The deep state is the right’s new bogeyman.

I’d wager that until fairly recently, few people had ever heard the phrase. I’d also bet that roughly 99 percent of those who fling the term around have no idea that it’s borrowed from Turkish politics.

The idea of a deep state, or “state within a state,” is that there are undemocratic forces within the permanent bureaucracy, the military and the intelligence services who pursue their own interests rather than those of the people or the agenda that voters desire.

Depending on the country in question, deep states are not only real, they are sometimes as devious as people fear.

In the democratic West, the civil service and other bureaucratic institutions often accumulate enough power and arrogance that they see themselves as immune to the desires of voters or politicians. Prior to a few years ago, some people would call this sort of thing the “deep state,” and depending on the context, that was fine.

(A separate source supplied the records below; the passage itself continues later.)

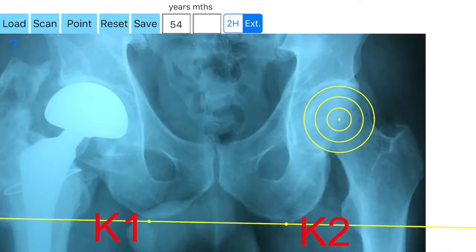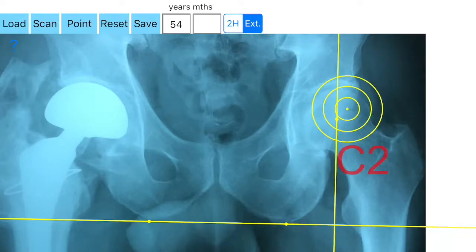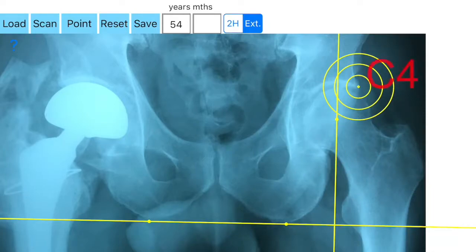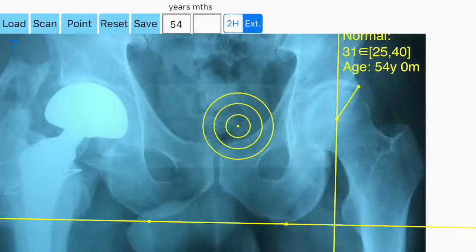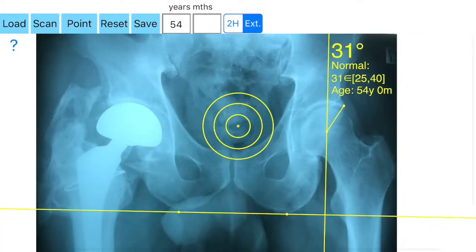HiAP is not a simple goniometer — it is an enhanced product which offers the ability to compare all input data with a medical reference database. It is a handy tool for an orthopedic surgeon in order to monitor the severity of dysplasia of the hip.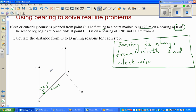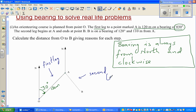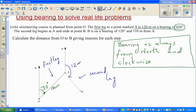This is the first leg of the orienteering course. The second leg begins at A and ends at B. B is on a bearing of 120 degrees and 110 meters from A. So from north at point A, going clockwise, this is 120 degrees and the distance is 110 meters.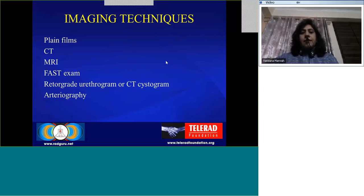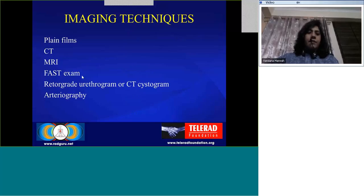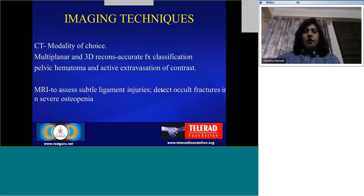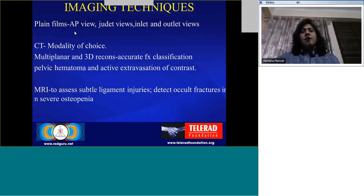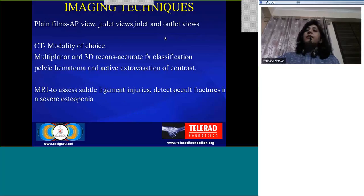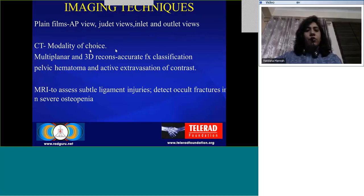Imaging techniques: the various imaging modalities include plain films, CT, MRI, FAST exam, retrograde urogram, CT cystogram, and arteriography. Plain films in today's scenario have a somewhat limited role, but in certain situations plain X-rays are done immediately. These are some of the views which are done, but in pelvic fractures the patient may have unstable fractures and it may not be possible to do all the views. CT, of course, is nowadays the modality of choice.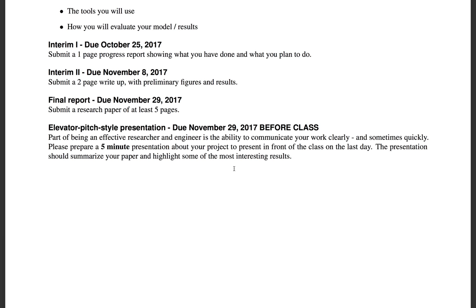Good communication skills are super important in this field, so it's really important to be able to summarize your results and explain them clearly. You don't have to choose right now — by the end of class we'll send out a link to give us your final option.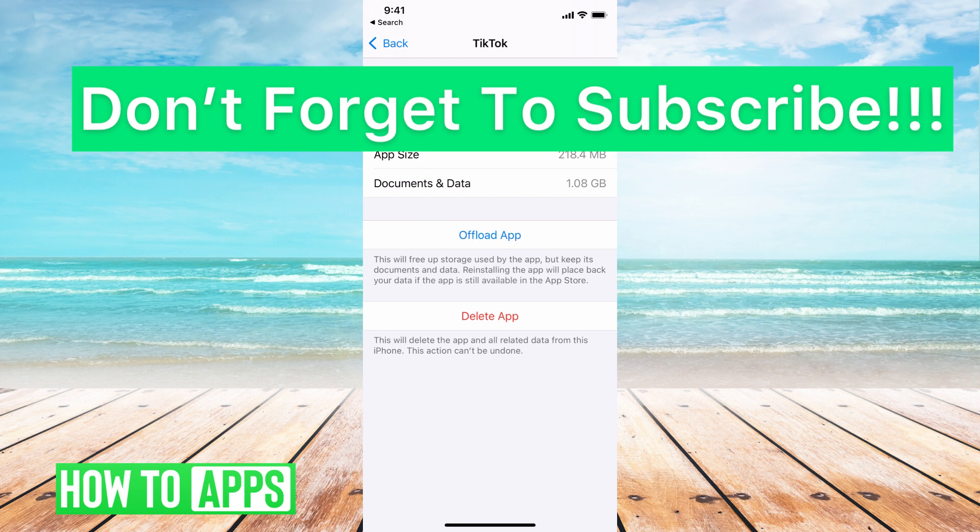If you guys have any questions on that, let us know in the comments below. If not, don't forget to like, and don't forget to subscribe.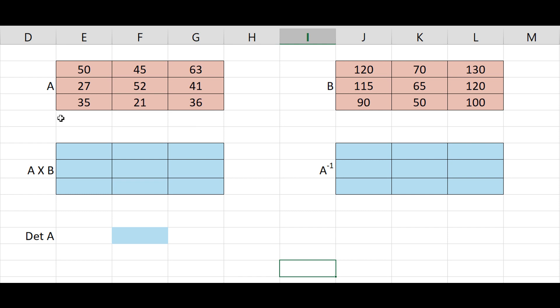This is the matrix A, 3 rows, 3 columns, therefore 3 by 3 matrix. This is the 3 by 3 matrix B.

Impeachment, we’re told almost every day, is a “deep state coup.” When the Turkish military launched a “deep state coup,” it launched an actual, you know, “coup” — which the dictionary still defines as an extralegal violent overthrow of a government.

The sort of coup that some on the right are talking about isn’t a coup. In fairness, impeachment arouses partisan excess, and it’s no surprise when partisan rhetoric gets heated. Democrats called the effort to impeach Bill Clinton a coup. And they were wrong, too.

The problem is that this deep state contagion has spread far outside of impeachment.

“Just this week, I stuck up for three great warriors against the Deep State,” Trump declared Nov. 26 night at a rally in Florida. The crowd loved it, of course. But think about what Trump is saying. The three warriors Trump was referring to were three men charged with committing war crimes. He pardoned all three. One hadn’t even received a trial yet. Many great warriors put their careers in peril to testify against the two other men.

Reasonable people can disagree on the specifics of the acts, but military law experts are uniformly aghast at Trump’s decision. According to Military.com, Trump’s move has “blown a hole in the military justice system and will make it harder to prosecute future war crimes, military law experts say.”

Whatever you think of that, the idea that the military justice system is part of the deep state because it sought to enforce prohibitions against war crimes is grotesque. Indeed, the impeachment witnesses defamed as deep state operatives by Trump and his defenders testified that the president was orchestrating an effort in Ukraine for his own self-interest.

Deep staters are now those who follow the rules in ways inconvenient to Trump’s personal desires or political ambitions. But Trump does seem to adhere to a view of the state most famously articulated by Louis XIV: L’état, c’est moi (I am the state). And any obstacle to his unfettered rule is now the deep state and by extension illegitimate.